For this author, however, GDPR has just become a terrific excuse to not remember any of their friends’ names or personal details without explicit written consent.
Yet while companies improve data processes, cyber-attacks continue to be a threat. In this article, we will introduce a very basic type of cyber-attack, explore its theory, and how we might combat it.
What is SQL Injection?
To explain this, it is necessary to go back a step or two to databases. Most companies hold data on some form of DBMS (Database Management System). A database is a structured way of holding information – for example, using tables. When it is necessary to retrieve information from a database, a user would need to write some form of query, a question to send the database which will return an answer. This answer could be one word, or it could be an entire table. This query has to be recognizable by the DBMS; the most common language used to communicate with it is called SQL (Structured Query Language).
SQL Injection is a term used to refer to the placement of malicious code in SQL statements. This can lead to very serious consequences when interacting with DBMS, such as:
- The access of sensitive data.
- The destruction of database structures.
- Mistaken authentication; someone could log into an application without needing to provide proper credentials.
Despite potentially having very dangerous consequences, SQL injection is simple in theory.
How Does it Work?
Most instances of SQL injection happen in authentication processes (i.e signing-in). Let’s imagine this scenario:
- There’s a database containing a list of famous tennis players. It contains bank account holdings split by funds. For the purposes of this article, please note all information is randomized.
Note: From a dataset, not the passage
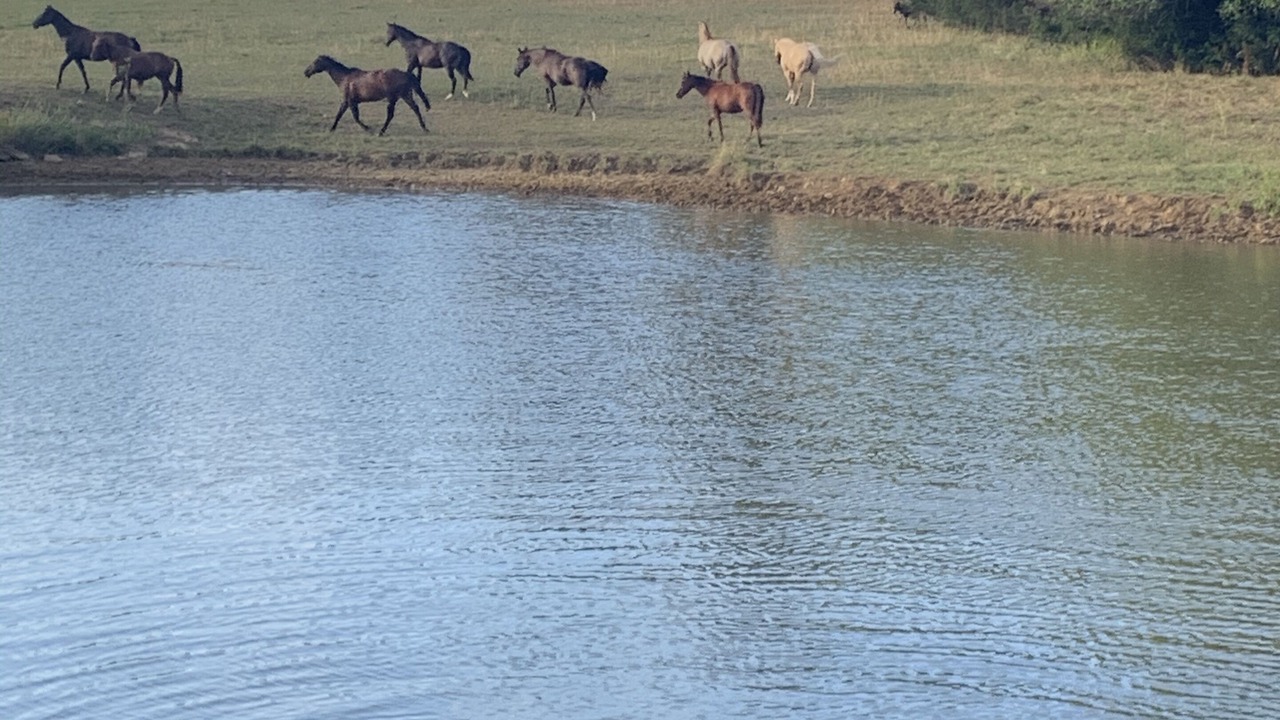 Photo of Outdoor in Fort Scott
- You would like to see the bank account information of all the tennis players in the list.
Imagine there’s an online platform to sign in – in theory, a tennis player wanting to see their balance could just put in the right credentials. Let’s walk through how this might work in practice:
First, imagine a log-in form; it should look something like the below, and should be very familiar.
Usually, a user would enter the details above, and press the log in button. Then, the code would look inside the database to check the user’s details exist. If it finds a positive match, the user would be allowed to log in and access the online portal, including their bank balance. In this case, we’ve used two-time Wimbledon champion Andy Murray.
At this point, the web ‘server’ would ping a message to the database, and say something like “hey, here are my details, can you log me in?”. The database would check it has that username/password combination, and, it does! So it logs him in, and returns his bank balance information:
It looks really simple in theory. Under the hood, what’s happening is the database provides an SQL ‘query’, basically a question written with a specific syntax, for the log-in portal to fill in. Here’s an example of what it would look like:
SELECT Name, FundCode, FundValue FROM FundTable WHERE Username = ‘InsertUsername’ and Password = ‘InsertPassword’
Then, the log-in portal would put in the credentials above, replacing the InsertUsername and InsertPassword with those credentials:
SELECT Name, FundCode, FundValue FROM FundTable WHERE Username = ‘AMurray’ and Password = ‘**********’
That query then gets sent to the database, which uses it to check the username and password against a list of ‘allowed users’. It finds a match, so it returns the bank balance linked to that user. The important thing to remember is, if you had put in the wrong details (e.g misspelled a password, like this author does apparently on every possible occasion), the database would have not found a match and would return something empty.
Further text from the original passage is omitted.